Solved – Modified K-means with unequal cluster variances

k-means

I wonder how I can modify the K-means algorithm so that the cluster volumes are not equal to each other. The K-means objective is to minimize within cluster sum of squares $\sum_{i=1}^{p} {\parallel \mathit{X}_i-\mathit{L}_{\mathit{Z}_i} \parallel}_2^2$, and this objective assumes that all cluster variances are the same. If we assume that the clusters are Gaussian with mean $\mathit{L}_{\mathit{Z}_i}$ and variance $\sigma_{\mathit{Z}_i}^2$ where $\mathit{Z}_i$ stands for the cluster assignment of data point $i$, then the objective for the cluster assignments become $\sum_{i=1}^{p} \frac {{\parallel \mathit{X}_i-\mathit{L}_{\mathit{Z}_i} \parallel}_2^2} {\sigma_{\mathit{Z}_i}^2}$. So, I tried modifying K-means such that $\mathit{Z}_i$ update is performed using this new update rule, and $\sigma_{\mathit{Z}_i}^2$ are also updated in each iteration. However, when I use this new modified K-means, almost all data points are assigned to the same cluster, which is weird.

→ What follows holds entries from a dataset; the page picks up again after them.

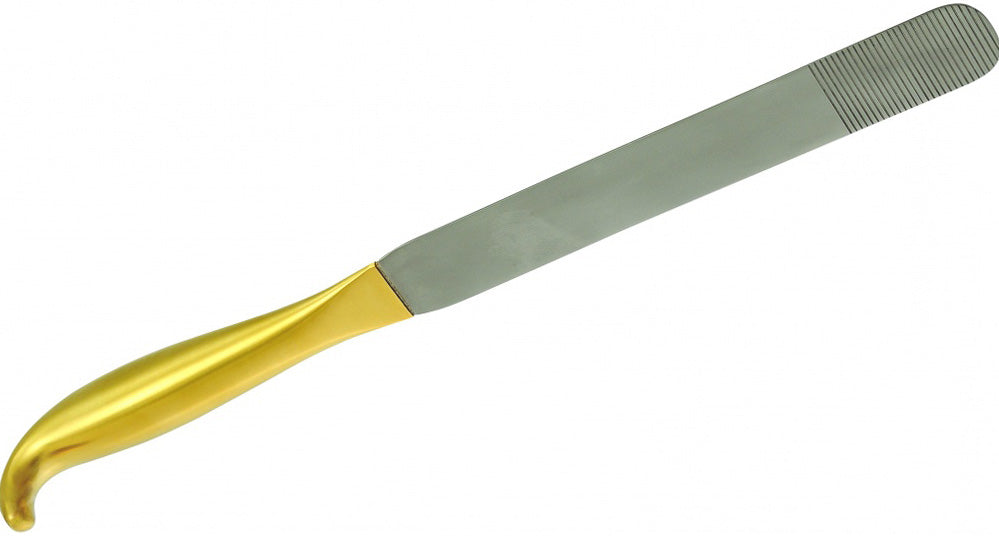 Breast Spatula With Handle, 12 1/2" (31.5 Cm)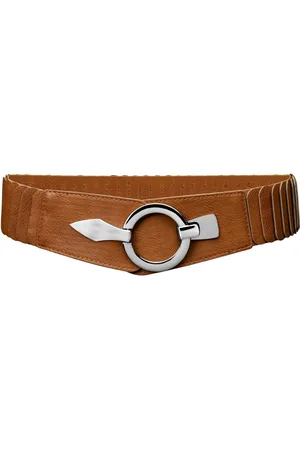 CASPAR Taillengürtel GU300 Damen elastischer breiter Stretch Gürtel - Verkäufer: & SIKORA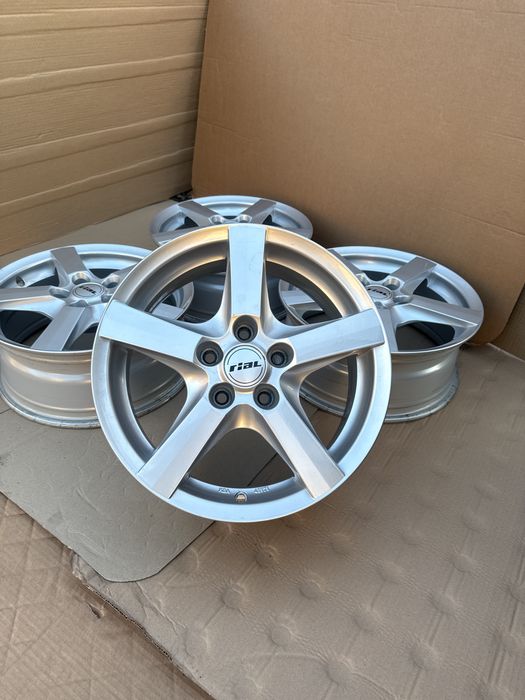 Джанти VW AUDI SKODA SEAT “16” 5x112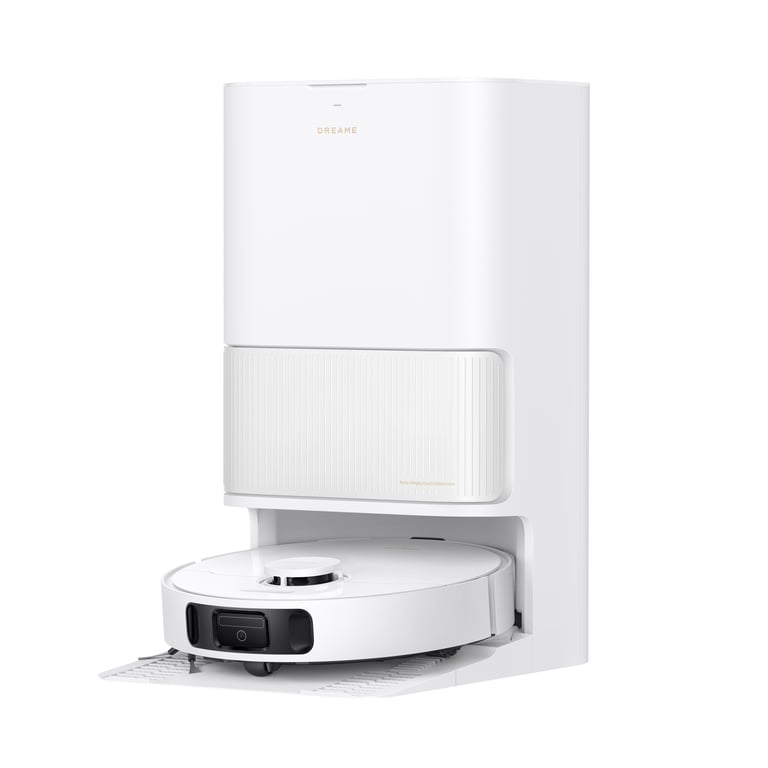 Dreame L40 Ultra CE 4 l Combi Biały
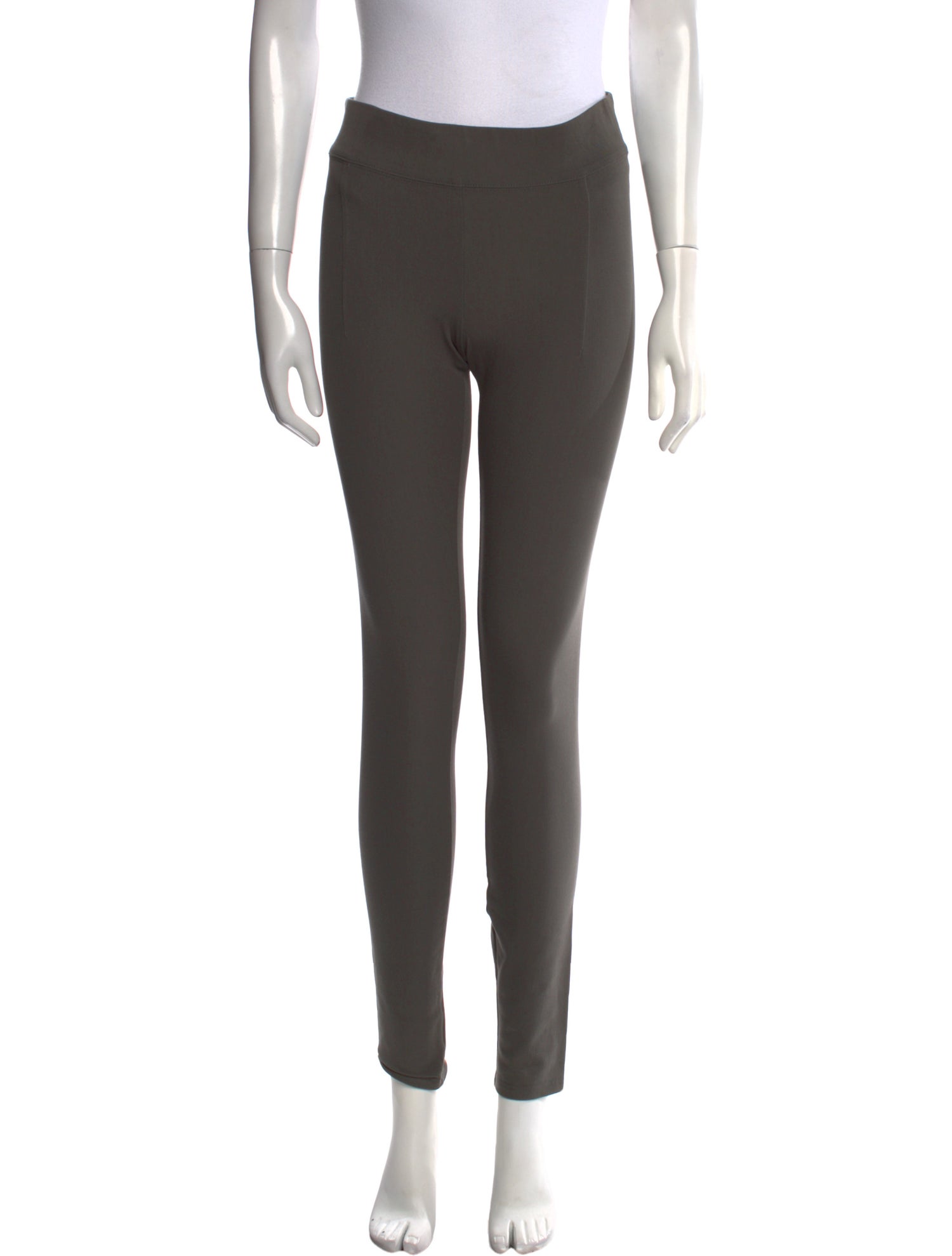 Helmut Lang Skinny Leg Pants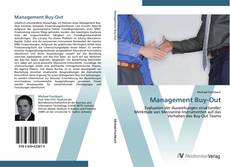 Capa do livro de Management Buy-Out 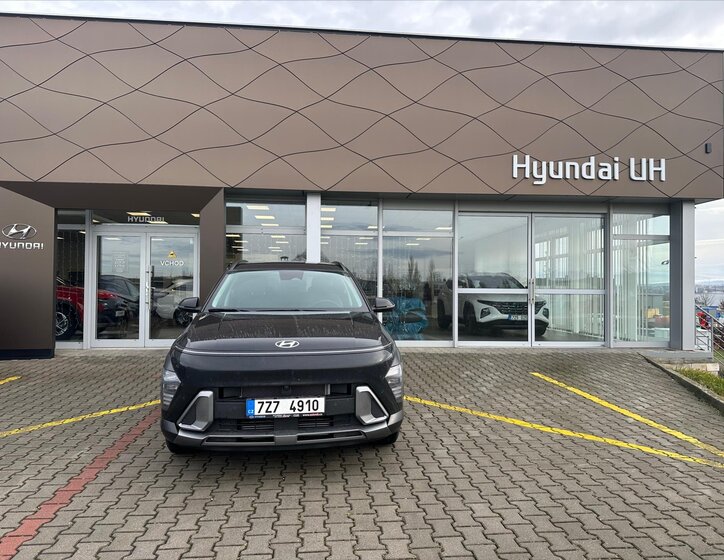 Hyundai Kona SUV 1,6 l 102 kw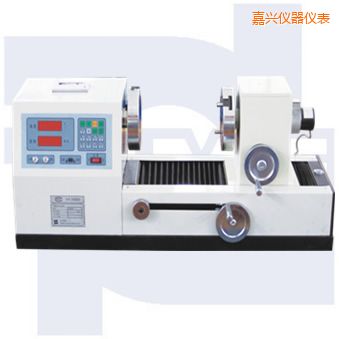 嘉興雙數(shù)顯式彈簧扭轉試驗機TNS-S系列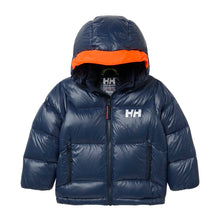 Kurtka puchowa dziecięca HELLY HANSEN K ISFJORD DOWN JACKET granatowa
Kurtka puchowa dziecięca HELLY HANSEN K ISFJORD DOWN JACKET granatowa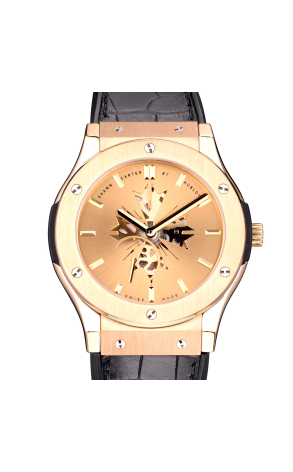 Часы Hublot Classic Fusion Shawn Carter 515.VX.4001.LR.SHC13 (16023) №2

What might be the problem about that approach? I know EM can be used for this unequal-volume GMM purpose, but I want a simpler approach like K-means, and I am really curious about why what I tried is not feasible. Thanks!

Best Answer

Use Gaussian Mixture Modeling (aka: EM Clustering) instead.

It allows different variances, depending on your model. It can even allow different covariances if you use the most complex models.